WHAT YOU HAVE TO DO> Restate each line of the listing exactly, without carrying over any pictures.

-------- THE DATA

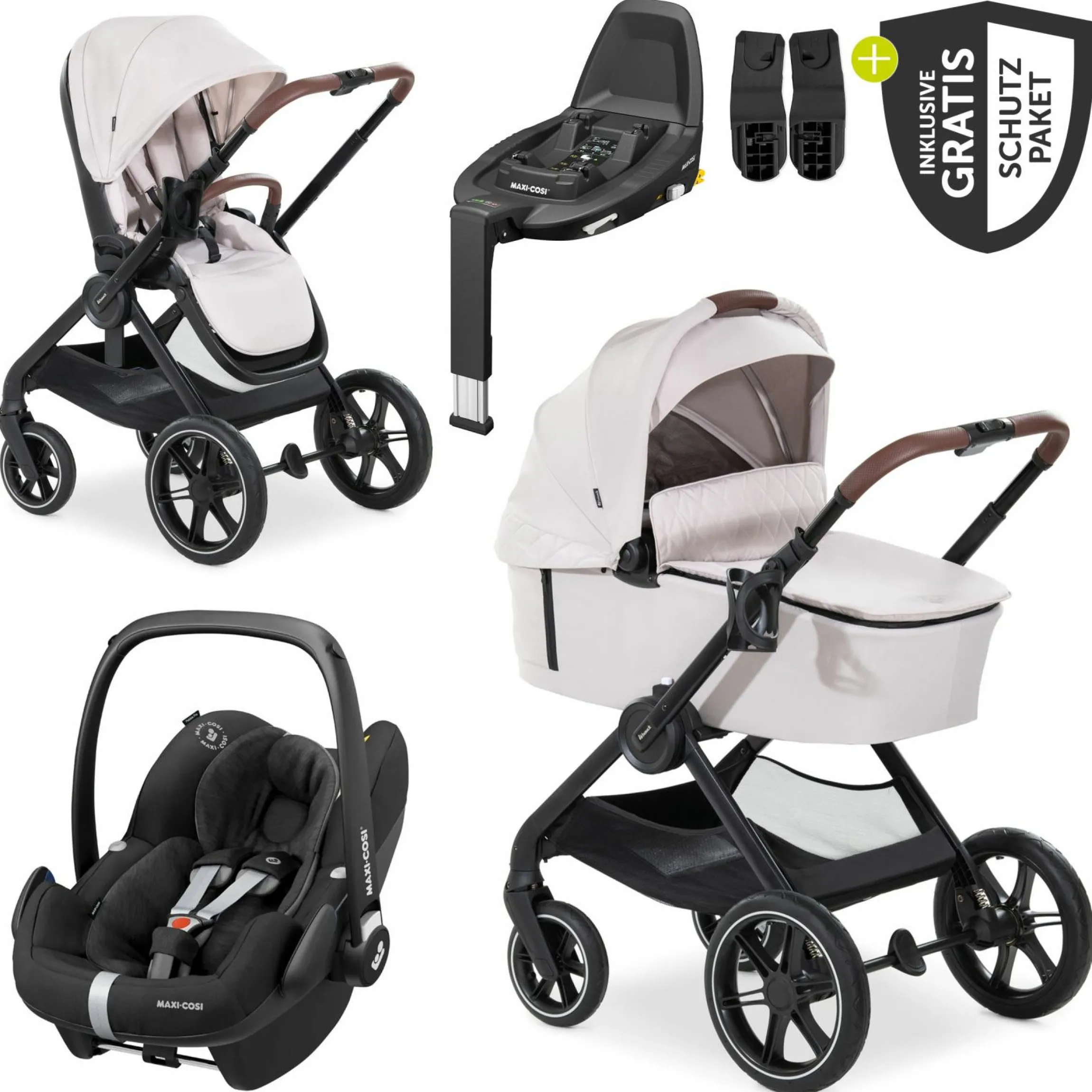 4in1 Kinderwagen-Set Walk N Care Trio Set inkl. Maxi-Cosi i-Size Pebble Pro & Isofix Basis FamilyFix3 & XXL Zubehörset - Beige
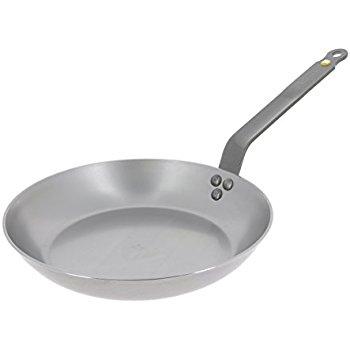 Matfer Bourgeat 062005 Black Steel Round Frying Pan, 11 7/8-Inch, Gray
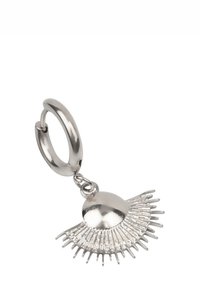 Silver hoop earring featuring a textured sunburst pendant with elongated rays, reflecting light, creating a bold geometric shape.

----------------

REPLY TO THE EXERCISE>
 4in1 Kinderwagen-Set Walk N Care Trio Set inkl. Maxi-Cosi i-Size Pebble Pro & Isofix Basis FamilyFix3 & XXL Zubehörset - Beige
 Matfer Bourgeat 062005 Black Steel Round Frying Pan, 11 7/8-Inch, Gray
 Silver hoop earring featuring a textured sunburst pendant with elongated rays, reflecting light, creating a bold geometric shape.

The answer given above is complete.